■ Given information
━━━━━━━━━━━━━━━━━━━━
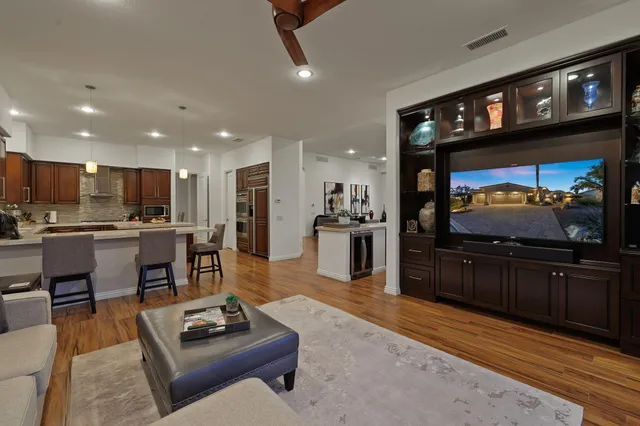 a very nice looking dining room with kitchen island granite countertop a table and chairs in it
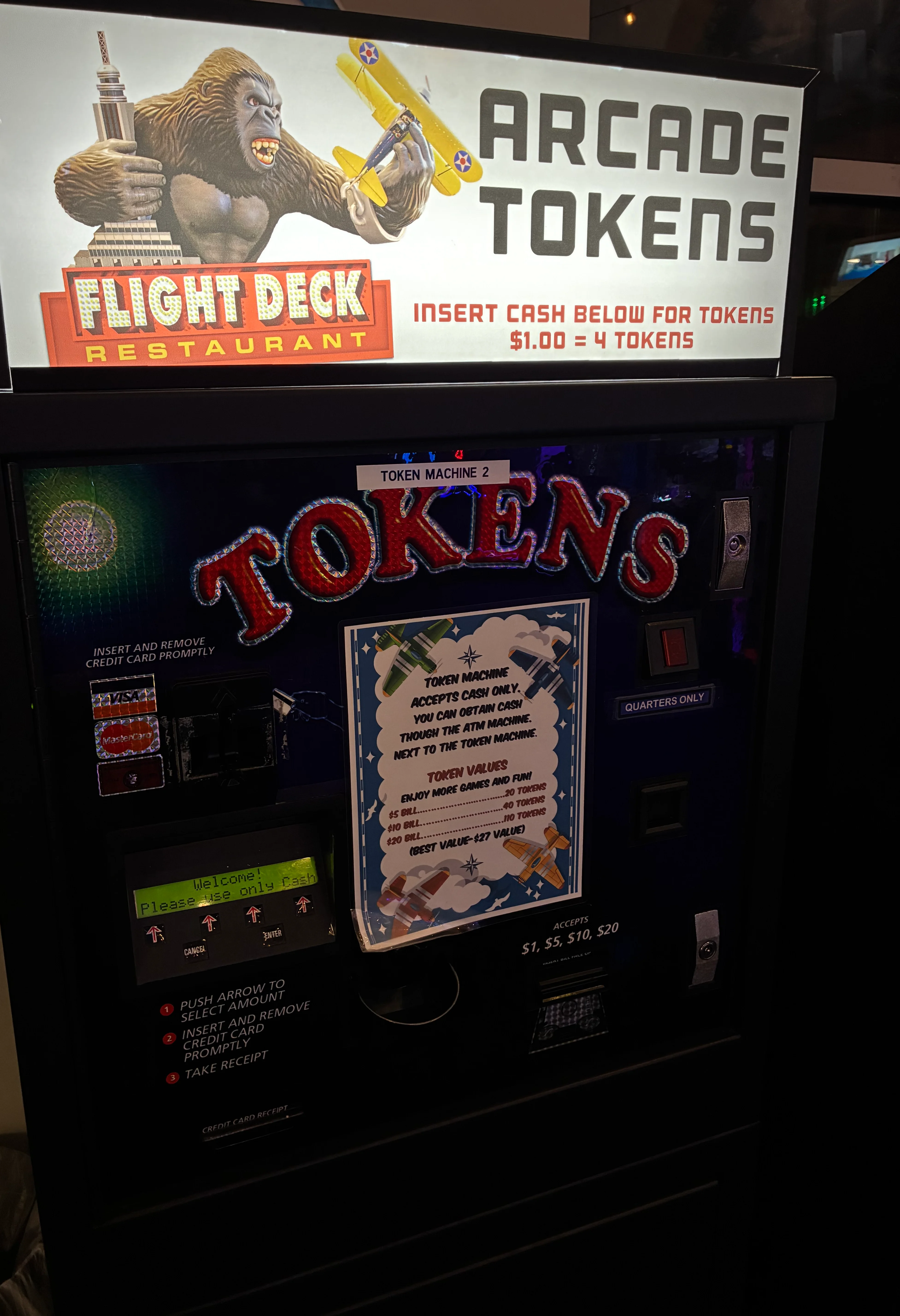 Tilted close-up of restaurant arcade machine with colorful graphic signage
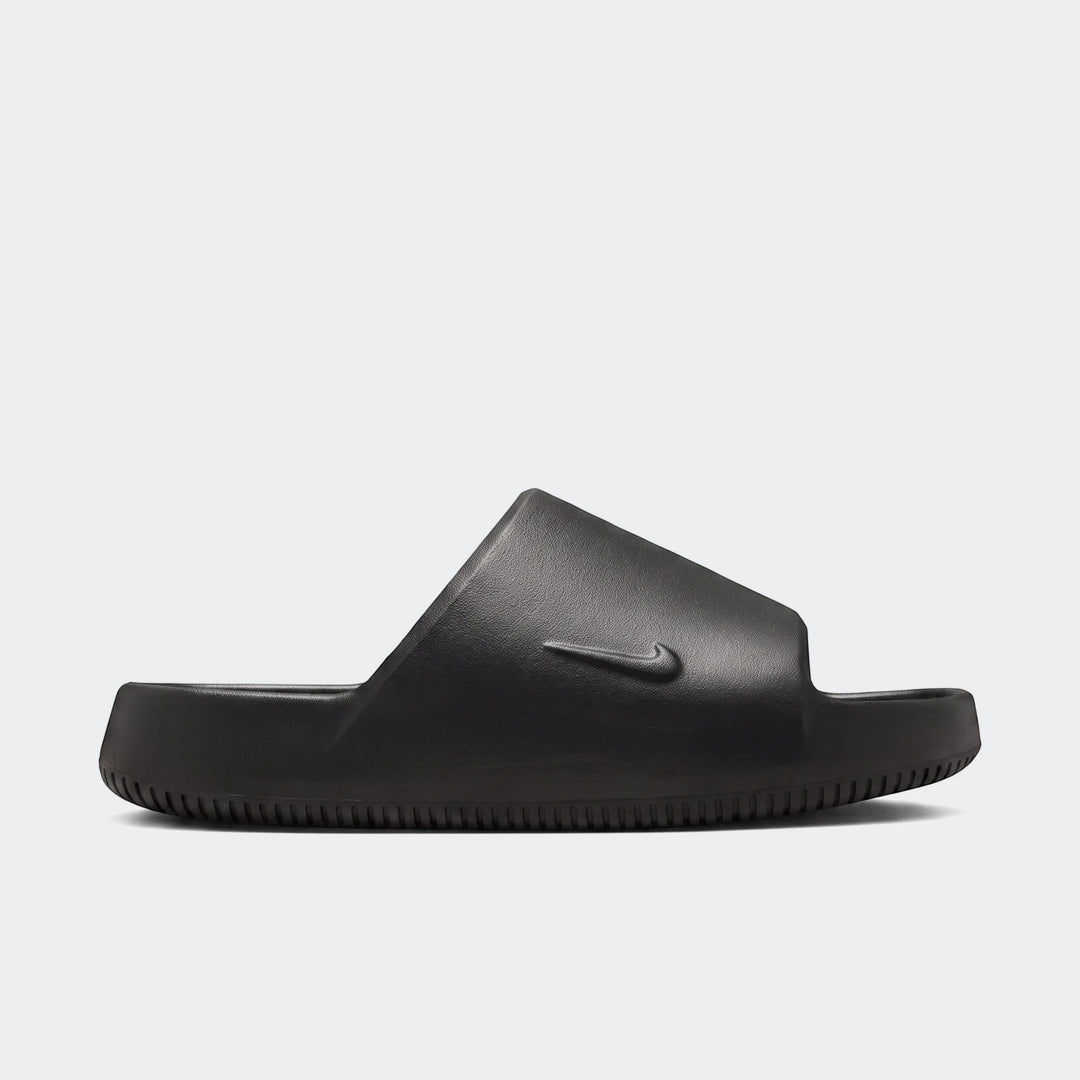A single black Nike Calm Slide 2.0, a comfortable men's or women's slip-on sandal, shown from a slightly angled side view.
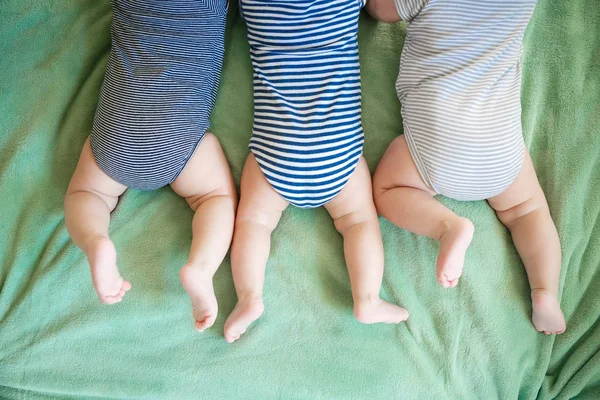 Az újszülött hármasok hason fekszenek egy takarón. — Stock Fotó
━━━━━━━━━━━━━━━━━━━━
■ Task statement
Copy exactly, and only, the lines running from the one containing "Tilted close-up of" through the final line of the data, and omit the pictures.

■ Reply to the exercise
 Tilted close-up of restaurant arcade machine with colorful graphic signage
A single black Nike Calm Slide 2.0, a comfortable men's or women's slip-on sandal, shown from a slightly angled side view.
 Az újszülött hármasok hason fekszenek egy takarón. — Stock Fotó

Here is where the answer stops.